The CaO-SiO₂-MgO-Al₂O₃ slags with high alumina content are widely applied in various pyrometallurgical processes. However, for super-high-alumina slags, especially for those with alumina content of more than 25 wt%, there is a lack of relevant studies about the properties of slag. The melting behavior, viscosity, structural property, and crystallization behavior of high-alumina slag with the fixed MgO content of 11.13 wt% and Al₂O₃ content from 27.61 wt% to 40 wt% were investigated. The results revealed that the liquidus temperatures and complete solidification temperatures of slag increased with the increasing binary basicity and Al₂O₃ content. The melting temperature and viscosity of the CaO-SiO₂-11.13wt%MgO-Al₂O₃ slag system increased with the increasing basicity from 0.8 to 1 and Al₂O₃ content from 27.61 wt% to 40 wt%. The increase in Al₂O₃ caused the formation of high-crystallinity and high melting point materials in the slag, such as spinel and Åkermanite. A large number of non-uniform phases could quickly crystallize out of the solids present in the slag melt, thereby increasing the slag viscosity and deteriorating the fluidity of the slag.

1. Introduction

Viscosity is a critical property of slag that affects the metallurgical process [1,2,3,4,5,6,7]. The CaO-SiO₂-MgO-Al₂O₃ slag system is well-known for its widespread use in pyrometallurgical operations [8,9,10]. The amount of high-quality iron resources decreases with the continuous exploitation in the world; thus, the low-quality iron ores with high Al₂O₃ become a choice. The high-alumina iron ore is also employed as the raw material in the ironmaking process [11,12,13,14,15]. Furthermore, the high-alumina slag is used to recover platinum group metals (PGMs) from alumina-based spent catalysts with metals collection methods [16,17,18]. Moreover, a tremendous amount of slag with high Al₂O₃ is produced during the ferronickel alloy and ferrochromium alloy production process [19,20,21]. As we know, the fluidity property of slag has a considerable influence on the smelting process and separation of metals from slag [22,23,24,25,26]. Therefore, it is vital to study the viscosity and crystallization behavior of high-alumina slag.

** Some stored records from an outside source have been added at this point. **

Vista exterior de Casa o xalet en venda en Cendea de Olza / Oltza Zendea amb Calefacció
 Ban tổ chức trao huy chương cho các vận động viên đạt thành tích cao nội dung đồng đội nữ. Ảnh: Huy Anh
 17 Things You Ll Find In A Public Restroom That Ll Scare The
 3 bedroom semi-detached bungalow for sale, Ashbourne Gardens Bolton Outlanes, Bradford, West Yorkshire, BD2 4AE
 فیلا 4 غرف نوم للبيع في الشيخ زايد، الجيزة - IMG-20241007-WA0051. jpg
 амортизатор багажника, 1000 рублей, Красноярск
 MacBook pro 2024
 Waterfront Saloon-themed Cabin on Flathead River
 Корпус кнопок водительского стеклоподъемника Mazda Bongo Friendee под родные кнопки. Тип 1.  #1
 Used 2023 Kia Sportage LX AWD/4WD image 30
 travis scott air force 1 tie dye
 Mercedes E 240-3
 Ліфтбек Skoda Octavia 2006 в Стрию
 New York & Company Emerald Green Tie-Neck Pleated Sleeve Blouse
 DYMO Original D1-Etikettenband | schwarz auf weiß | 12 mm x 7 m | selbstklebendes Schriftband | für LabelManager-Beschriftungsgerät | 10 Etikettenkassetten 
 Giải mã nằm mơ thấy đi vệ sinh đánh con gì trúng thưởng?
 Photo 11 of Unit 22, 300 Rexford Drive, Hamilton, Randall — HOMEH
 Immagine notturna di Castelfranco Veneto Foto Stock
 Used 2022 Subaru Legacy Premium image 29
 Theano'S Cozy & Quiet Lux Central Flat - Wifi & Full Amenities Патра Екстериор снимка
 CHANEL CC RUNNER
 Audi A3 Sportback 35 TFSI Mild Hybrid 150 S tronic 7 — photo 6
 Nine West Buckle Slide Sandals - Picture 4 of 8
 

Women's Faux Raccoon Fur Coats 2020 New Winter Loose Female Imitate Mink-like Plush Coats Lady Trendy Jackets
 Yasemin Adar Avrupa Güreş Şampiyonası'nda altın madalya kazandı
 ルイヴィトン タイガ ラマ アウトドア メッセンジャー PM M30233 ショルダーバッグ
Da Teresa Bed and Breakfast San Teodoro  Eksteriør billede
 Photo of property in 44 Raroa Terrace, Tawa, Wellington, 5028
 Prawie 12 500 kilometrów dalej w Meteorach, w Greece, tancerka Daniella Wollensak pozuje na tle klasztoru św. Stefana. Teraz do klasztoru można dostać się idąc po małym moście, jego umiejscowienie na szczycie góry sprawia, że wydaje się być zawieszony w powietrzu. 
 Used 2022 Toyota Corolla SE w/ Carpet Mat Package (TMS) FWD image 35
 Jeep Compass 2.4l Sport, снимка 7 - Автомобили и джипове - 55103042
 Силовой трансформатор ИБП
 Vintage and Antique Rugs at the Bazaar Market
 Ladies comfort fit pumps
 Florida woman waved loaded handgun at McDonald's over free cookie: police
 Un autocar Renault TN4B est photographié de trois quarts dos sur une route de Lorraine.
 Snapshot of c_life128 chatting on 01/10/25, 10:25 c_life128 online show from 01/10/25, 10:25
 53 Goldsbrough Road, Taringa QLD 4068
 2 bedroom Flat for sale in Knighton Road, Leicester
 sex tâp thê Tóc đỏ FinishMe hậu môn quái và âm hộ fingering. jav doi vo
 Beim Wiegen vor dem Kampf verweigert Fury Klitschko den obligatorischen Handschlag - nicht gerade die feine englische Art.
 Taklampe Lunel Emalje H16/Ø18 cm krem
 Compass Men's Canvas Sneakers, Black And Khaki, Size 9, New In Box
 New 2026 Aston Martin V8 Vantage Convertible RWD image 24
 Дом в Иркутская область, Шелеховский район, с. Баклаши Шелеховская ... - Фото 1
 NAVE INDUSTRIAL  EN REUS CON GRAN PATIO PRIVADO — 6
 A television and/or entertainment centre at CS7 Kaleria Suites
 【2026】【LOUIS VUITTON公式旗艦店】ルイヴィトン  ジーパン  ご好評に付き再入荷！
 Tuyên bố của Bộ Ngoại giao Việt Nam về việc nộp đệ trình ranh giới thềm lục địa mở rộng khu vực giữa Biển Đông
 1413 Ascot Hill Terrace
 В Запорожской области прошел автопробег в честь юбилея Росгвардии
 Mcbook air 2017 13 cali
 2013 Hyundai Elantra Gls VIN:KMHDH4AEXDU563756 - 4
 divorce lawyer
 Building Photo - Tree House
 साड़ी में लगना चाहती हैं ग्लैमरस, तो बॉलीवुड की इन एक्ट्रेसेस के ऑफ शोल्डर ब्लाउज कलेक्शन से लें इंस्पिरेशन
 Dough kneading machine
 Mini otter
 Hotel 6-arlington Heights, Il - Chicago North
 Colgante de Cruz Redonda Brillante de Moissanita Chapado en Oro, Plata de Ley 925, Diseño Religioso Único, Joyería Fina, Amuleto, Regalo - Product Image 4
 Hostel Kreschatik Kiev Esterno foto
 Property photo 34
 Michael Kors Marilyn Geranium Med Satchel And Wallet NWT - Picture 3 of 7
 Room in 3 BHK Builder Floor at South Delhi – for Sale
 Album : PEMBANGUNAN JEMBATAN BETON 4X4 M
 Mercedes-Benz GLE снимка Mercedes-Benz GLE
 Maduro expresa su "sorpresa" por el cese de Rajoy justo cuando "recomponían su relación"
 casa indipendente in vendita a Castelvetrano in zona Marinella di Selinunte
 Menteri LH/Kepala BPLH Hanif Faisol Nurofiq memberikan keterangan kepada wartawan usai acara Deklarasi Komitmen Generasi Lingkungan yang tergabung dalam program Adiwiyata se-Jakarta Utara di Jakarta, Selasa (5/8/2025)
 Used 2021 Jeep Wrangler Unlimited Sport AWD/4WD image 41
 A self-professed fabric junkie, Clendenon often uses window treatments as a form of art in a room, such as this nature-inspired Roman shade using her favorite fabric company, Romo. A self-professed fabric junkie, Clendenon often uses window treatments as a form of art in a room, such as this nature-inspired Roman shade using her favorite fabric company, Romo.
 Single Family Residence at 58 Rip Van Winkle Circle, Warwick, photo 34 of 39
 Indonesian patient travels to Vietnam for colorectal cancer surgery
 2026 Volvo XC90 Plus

At present, the effects of basicity and Al₂O₃ on viscosity have been reported by some researchers. Chen et al. [27] studied the viscosity of SiO₂-MgO-FeO-Al₂O₃-MgO slag with the Al₂O₃ content from 4 wt% to 10 wt%, and the results revealed that Al₂O₃ was a network former and could polymerize the slag, increasing viscosity. Gao et al. [9] measured the viscosity of SiO₂-CaO-MgO-9wt% Al₂O₃ slag and pointed out that the complex network structure of the molten slag was disaggregated into simple network units as the basicity increased from 0.4 to 1.0. The viscosity experiments of CaO-SiO₂-MgO-Al₂O₃ slag [28] suggested the slag viscosity decreased with the increasing basicity from 0.5 to 0.9 and increased with the increase in alumina content from 5% to 20%. However, the effects of basicity and Al₂O₃ content on slag viscosity and crystallization behavior have not been sufficiently investigated for high-alumina slag with Al₂O₃ content above 25 %.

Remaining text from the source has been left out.